Romenesko reported yesterday that the Hearst Connecticut Media Group has banned from its comment boards the use of the word fracking, which sometimes refers to a hydraulic-fracturing process by which petroleum and natural gas are extracted from rocks beneath the earth's surface. Fracking is objectionable for a number of reasons, not least its effects on the environment (and on the flammability levels of the water at nearby residences), but Hearst found it uncomfortable for reasons as follows: "Sadly, many of our users attempt to exploit a perfectly legitimate word as a replacement for it's more vulgar cousin," wrote Brett Mickelson, the executive producer of the Hearst Connecticut Media Group, employing what's known in the trade as the "vulgar apostrophe" (like its cousin the normal apostrophe, only wrong). The entertainment industry is at fault: the vulgar usage was pioneered by the TV show Battlestar Galactica, in which characters used the word frack to stand in for it's more vulgar cousin. There have been two Battlestar Galacticas; frack was actually introduced in the 70s version, but its usage was amplified in the awesome one with Edward James Olmos that ran during the aughts. (Its spelling changed too: the producers of the new version styled it frak so that it'd be a proper four-letter word.)

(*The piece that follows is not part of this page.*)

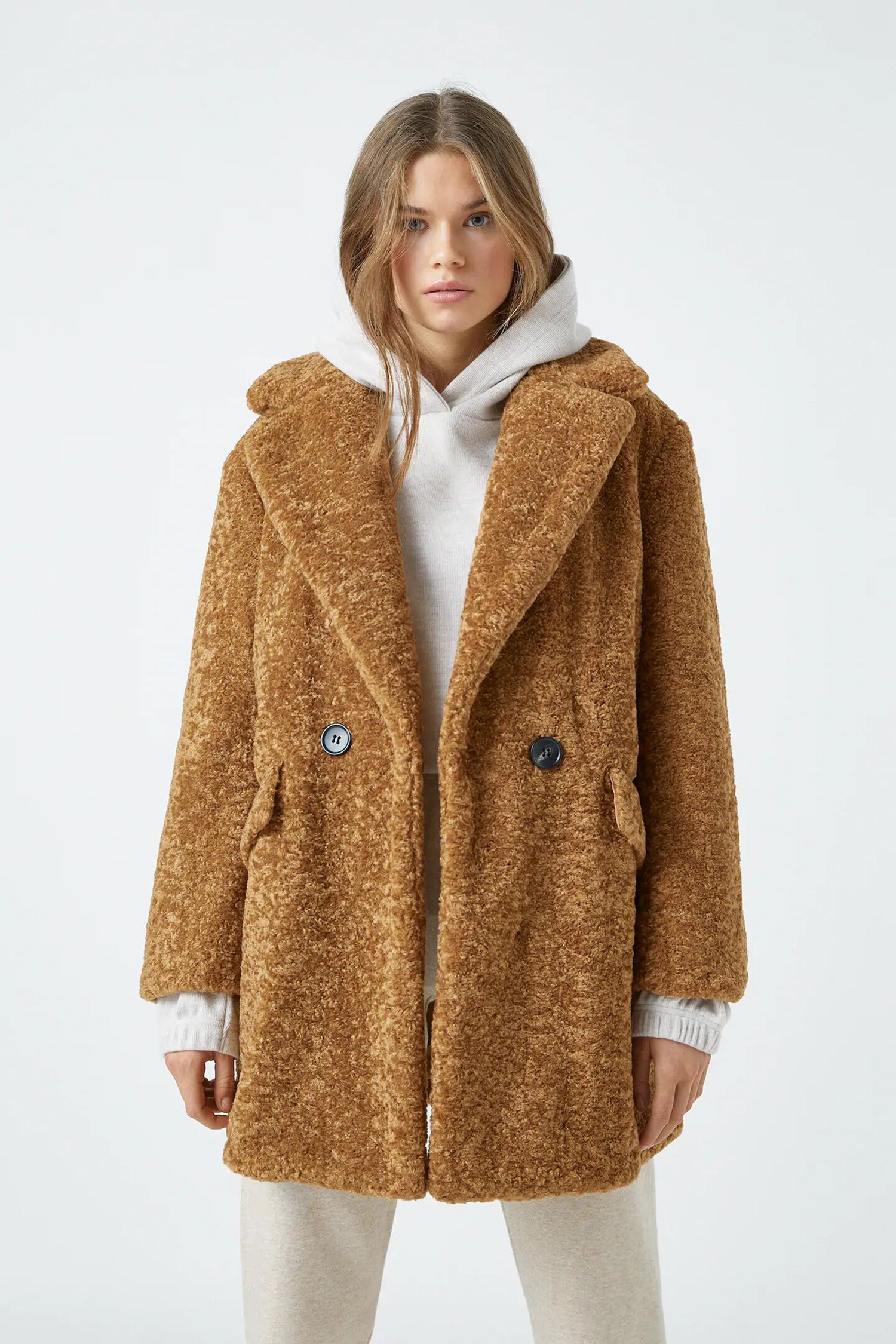 Necesitamos este abrigo de borreguito de de Pull&Bear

A multimedia extravaganza, below, illustrates the vulgar usage.
Wikipedia also notes: Frack "(spelled with the umlaut 'ä') is . . . the product name of a shaving mirror produced by IKEA, a multinational home products retailer."
Anyway, no word on whether Mickelson plan's on banning shoot, pee, darn, fudge, and so forth.
In other grammar news: The conservative commentator Michelle Malkin took issue, during the presidential debate on Tuesday night, at the challenge Katherine Fenton posed to the candidates regarding equal pay for women. On Twitter Malkin called Fenton a "#ladyparts tool," suggesting that Malkin—and it's a shame—probably does not know what a ladyparts tool really is.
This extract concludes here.